Your assignment: What is needed is an exact reproduction of the lines in the records below, starting at the line with "York OG0527 Tatami" and ending at the line with "Scie à main", both included, and nothing else; pictures stay out.

Data under study:
((
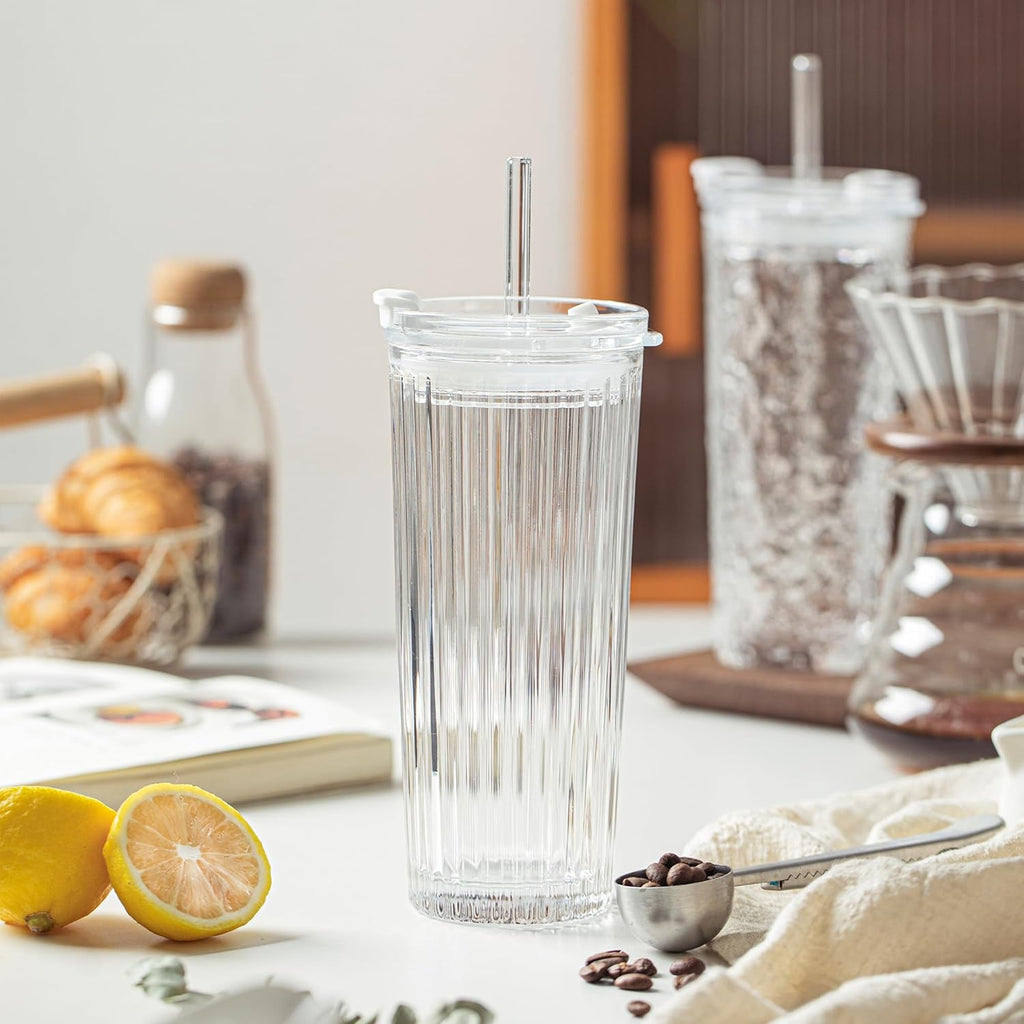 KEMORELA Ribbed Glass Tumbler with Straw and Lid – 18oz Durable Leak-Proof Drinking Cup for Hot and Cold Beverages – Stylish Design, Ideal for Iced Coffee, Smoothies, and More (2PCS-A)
))
((
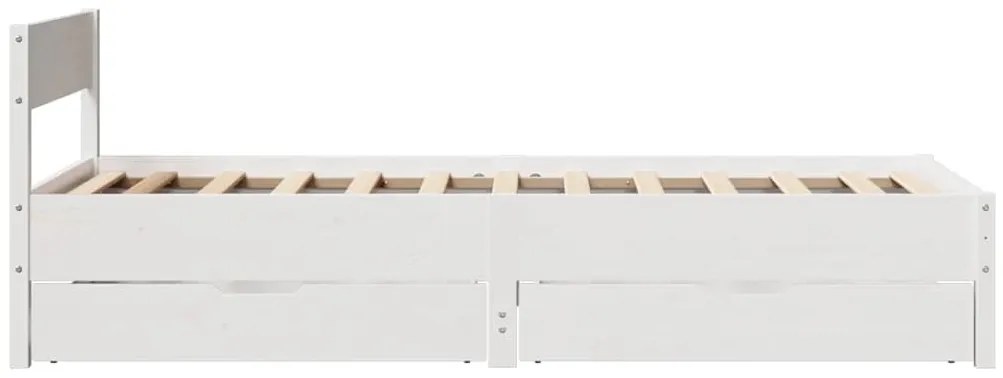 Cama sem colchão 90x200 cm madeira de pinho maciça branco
))
((
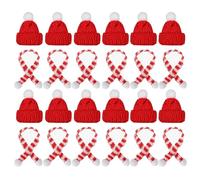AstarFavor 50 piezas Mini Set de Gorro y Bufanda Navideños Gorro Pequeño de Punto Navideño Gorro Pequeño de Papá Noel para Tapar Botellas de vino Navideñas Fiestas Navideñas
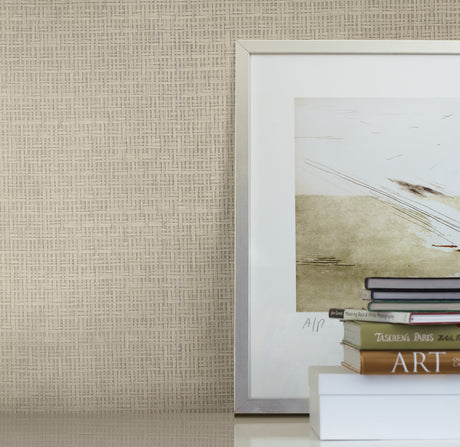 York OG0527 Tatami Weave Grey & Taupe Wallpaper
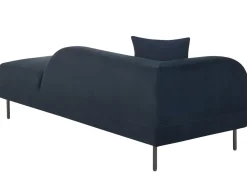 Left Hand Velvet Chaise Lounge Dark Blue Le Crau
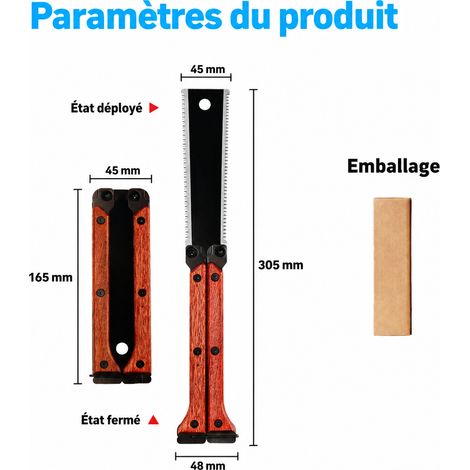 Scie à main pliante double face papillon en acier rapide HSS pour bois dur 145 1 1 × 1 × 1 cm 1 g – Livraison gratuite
))
Task solution:
 York OG0527 Tatami Weave Grey & Taupe Wallpaper
 Left Hand Velvet Chaise Lounge Dark Blue Le Crau
 Scie à main pliante double face papillon en acier rapide HSS pour bois dur 145 1 1 × 1 × 1 cm 1 g – Livraison gratuite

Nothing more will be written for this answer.